Warm string lights, laughs and pop music filled the 360 Event Center as it was transformed Saturday into a place where happily ever afters seemed obtainable for a few hours.

Attendees at the all-ages special needs prom wore their finest dresses and sharpest suits as they bounced from tables where their friends and families sat, posed for photos and grabbed concessions. But it was on the dance floor where everyone showed they were taking in the night.

Some were taking it slow. Emma Goemmer and Jesse Carpenter were in a near dance together. Despite the high energy song playing, they stayed in their own world.

“The prom has been fun,” Carpenter said. “It’s more fun since I started dancing with her.”

Just like every other prom, there were wallflowers. The few who prefer to observe or chat. Sometimes it just takes a while to work up the courage to dance. Leona King helped her son, Hunter King, ease into the dance. The lights, the sound can all be overwhelming. Hunter was just excited at the prospect of the cupcake that he got to eat while spending time with his mom.

Some family members teared up just seeing the prom. Ame Spriggs cried when she saw her son Aiden Linch at the dance. She cried when she saw a family friend dancing. She prepared herself to cry a few more times before the night would end.

“There’s not a whole lot in Twin for special needs kids,” Spriggs said. “I hope this happens again. They deserve this.”

The event was the result of Twin Falls High School senior Dakota Horton’s senior project. The senior project is a high school graduation requirement that has students contribute to the community, academic challenge or pursue their future career. The projects must include at least 40 hours of hands-on work. Horton said that she has put over 100 hours into fundraising for this prom.

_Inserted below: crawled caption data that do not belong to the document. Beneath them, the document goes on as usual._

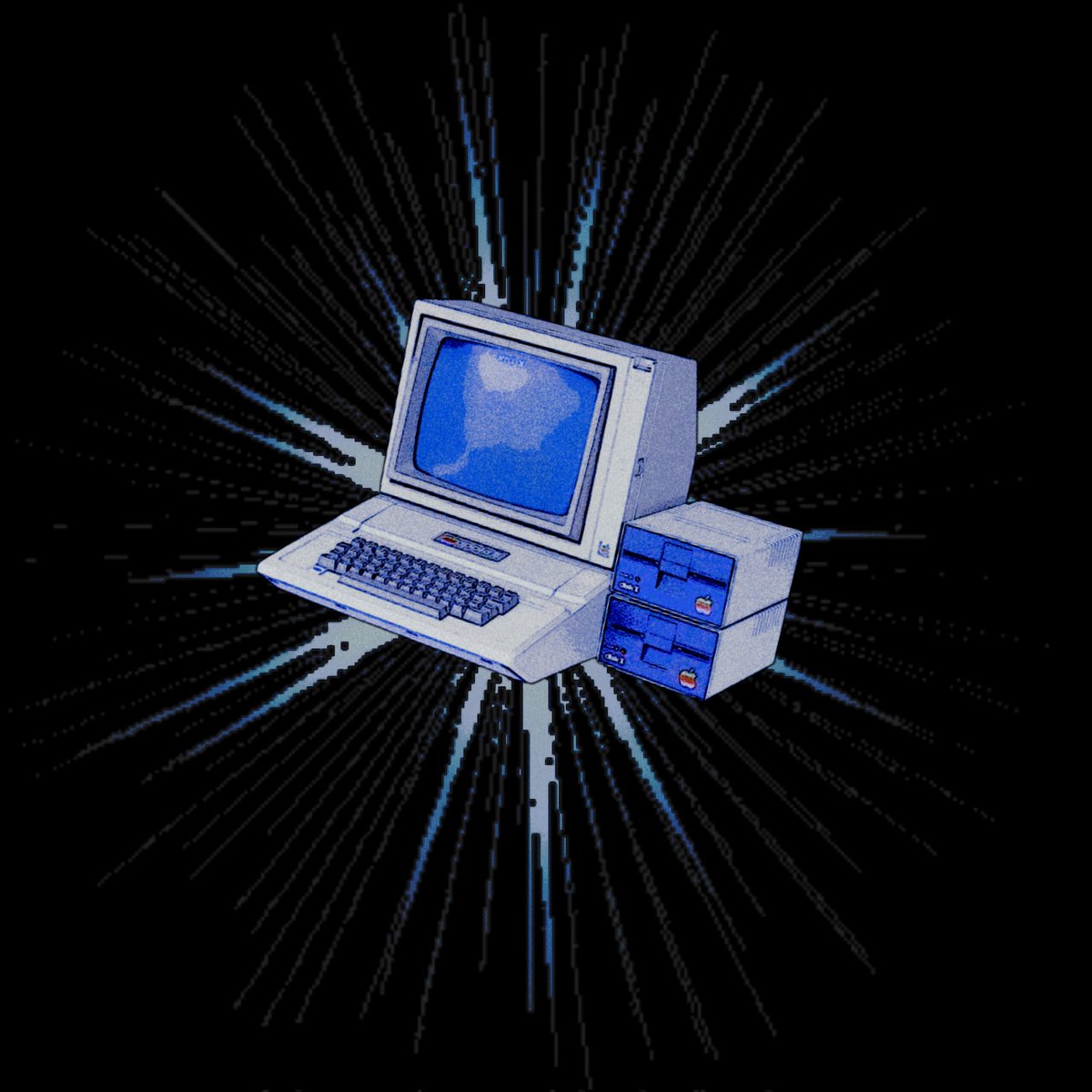 ᶠᴬᵀᴴᴱᴿˢ ── 𝑳𝑬𝑮𝑨𝑪𝒀 . tweet media
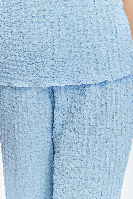 Resim Yenikoza Kız Çocuk Pantolon Takım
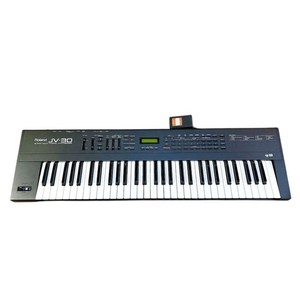 Roland Jv-30 | eBay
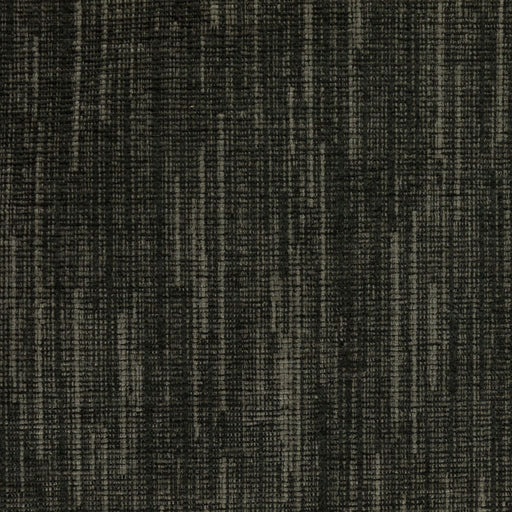 Rialto - Dusk - RM Coco - Fabric by the Yard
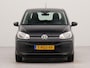 Volkswagen Up! 1.0 | Bluetooth | Airco | Reserve wiel |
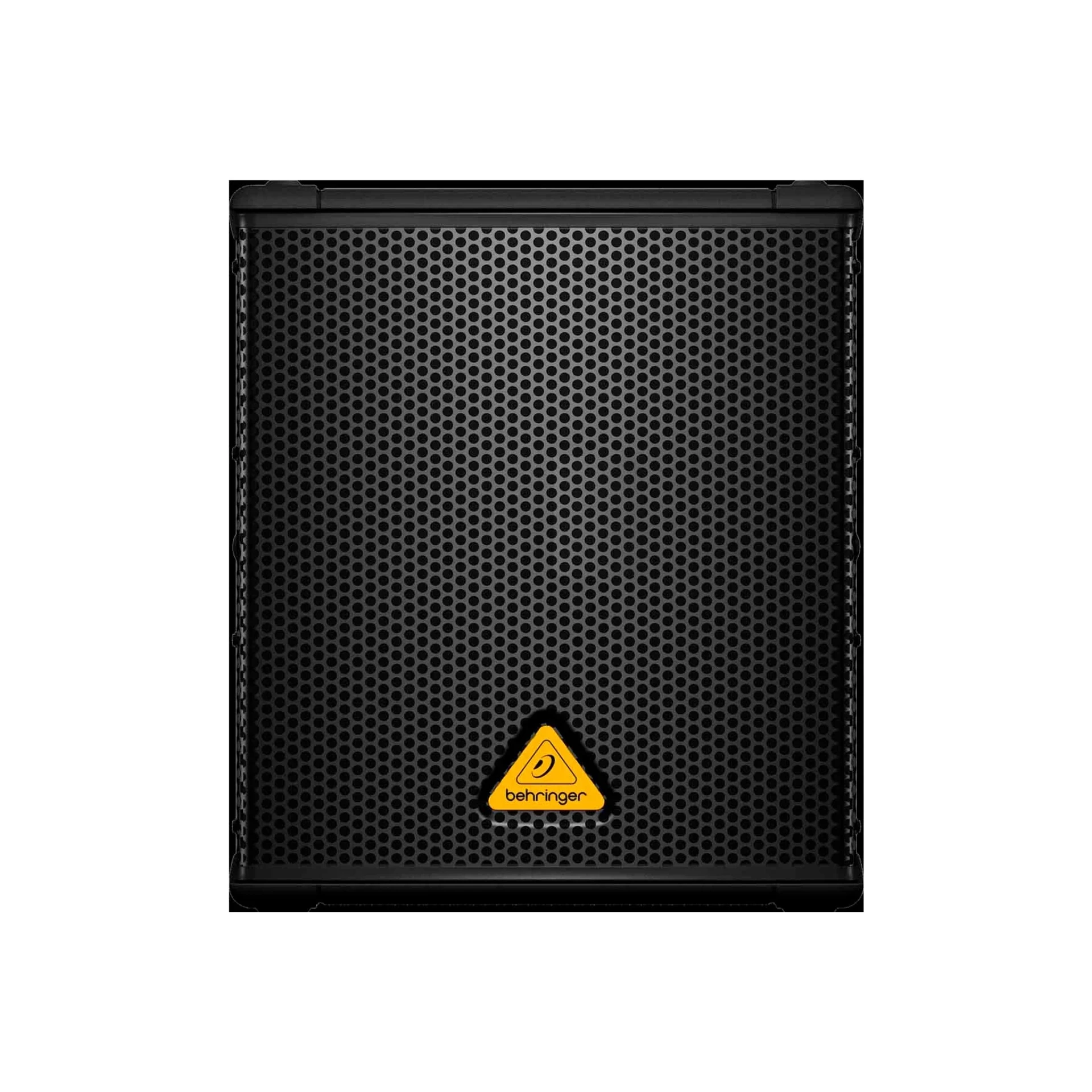 B1200D-PRO BEHRINGER 2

“The special needs community is widespread without many things to do,” Horton said.

J.D. Davis, Horton’s adviser, overlooks the senior project and gave guidance.

He said that Horton was focused on her project and has been working on it since the start of the school year.

“This is one of the coolest projects a student has tackled in a while,” Davis said. “This is a project near and dear to her heart.”

Horton has three siblings with special needs. Her parents, Jessica and Jeff Horton, said that the lack of events for their children is hard to navigate. The parents, with tears in their eyes, say they are astonished that their daughter put this event on.

“We’re hoping that this continues,” Jessica said. “The turnout is so much bigger than we expected and this is only its first year.”

Back on the dance floor, Christensen was blowing bubbles. Each bubble she blew seemed to capture and hold reflections from the lights surrounding the dance floor. She was eager to share her bubbles with any dancer near her.

“Try not to blow them in anyone’s face,” her father, Kirk Christensen, said.

She smiled at her dad and assured him that she wasn’t doing that. He waved it off and the two danced the night away.

“So much of the time these individuals are left out,” Kirk Christensen said. “To open things up to them, it means the world.”